▸ Exercise instructions
Omit the pictures and return exactly the stretch of the material below from the line with "Eerste nieuwe lichtmast" through the line with "kaftan set 5".

▸ Given information
════

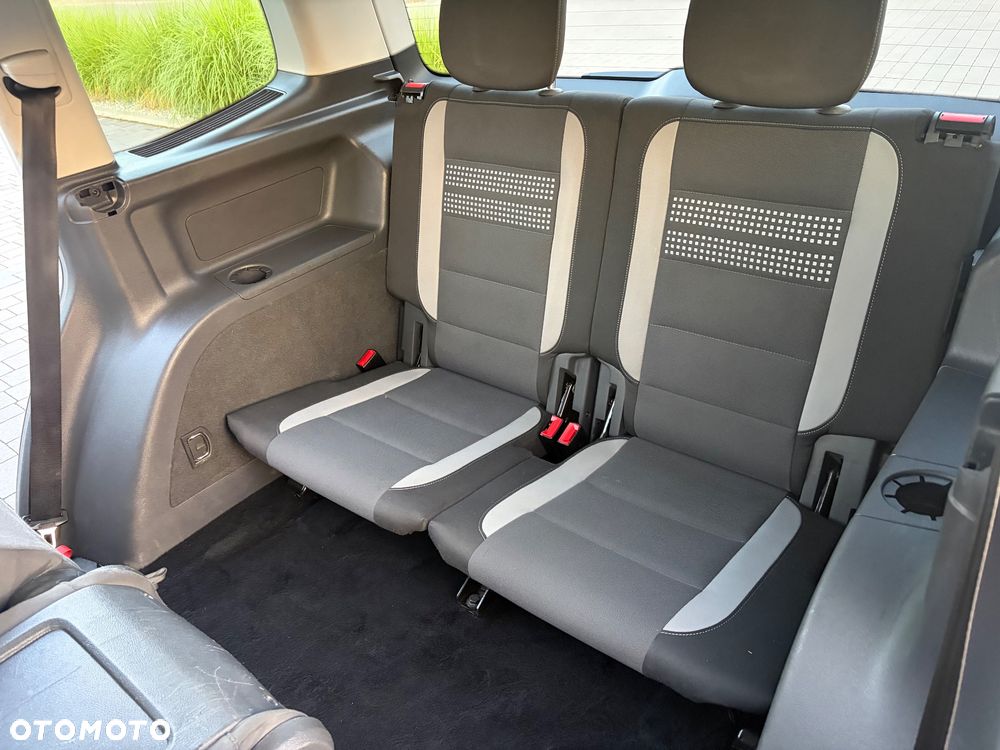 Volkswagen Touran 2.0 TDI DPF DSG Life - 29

════

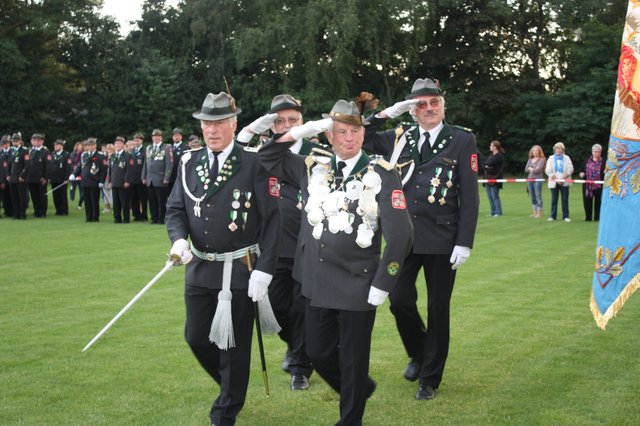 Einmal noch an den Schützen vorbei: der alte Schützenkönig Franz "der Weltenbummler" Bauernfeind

════

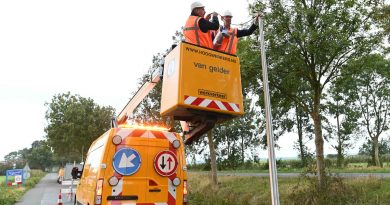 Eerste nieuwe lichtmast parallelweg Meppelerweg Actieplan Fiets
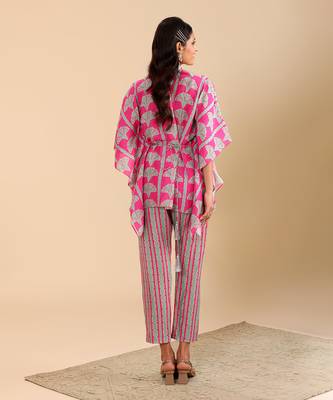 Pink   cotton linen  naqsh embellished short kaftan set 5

════

▸ Response area
 Eerste nieuwe lichtmast parallelweg Meppelerweg Actieplan Fiets
 Pink   cotton linen  naqsh embellished short kaftan set 5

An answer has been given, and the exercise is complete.